The general adoption of the theory of evolution has definitely closed the controversy as to the nature or definition of the species. The word has no ABSOLUTE meaning whatever, but is only a group-name, or category of classification, with a purely relative value. In 1857, it is true, a famous and gifted, but inaccurate and dogmatic, scientist, Louis Agassiz, attempted to give an absolute value to these "categories of classification." He did this in his Essay on Classification, in which he turns upside down the phenomena of organic nature, and, instead of tracing them to their natural causes, examines them through a theological prism. The true species (bona species) was, he said, an "incarnate idea of the Creator." Unfortunately, this pretty phrase has no more scientific value than all the other attempts to save the absolute or intrinsic value of the species.
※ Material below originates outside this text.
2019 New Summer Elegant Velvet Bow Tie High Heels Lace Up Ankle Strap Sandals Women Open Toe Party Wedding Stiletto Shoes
The dogma of the fixity and creation of species lost its last great champion when Agassiz died in 1873. The opposite theory, that all the different species descend from common stem-forms, encounters no serious difficulty to-day. All the endless research into the nature of the species, and the possibility of several species descending from a common ancestor, has been closed to-day by the removal of the sharp limits that had been set up between species and varieties on the one hand, and species and genera on the other. I gave an analytic proof of this in my monograph on the sponges (1872), having made a very close study of variability in this small but highly instructive group, and shown the impossibility of making any dogmatic distinction of species. According as the classifier takes his ideas of genus, species, and variety in a broader or in a narrower sense, he will find in the small group of the sponges either one genus with three species, or three genera with 238 species, or 113 genera with 591 species. Moreover, all these forms are so connected by intermediate forms that we can convincingly prove the descent of all the sponges from a common stem-form, the olynthus.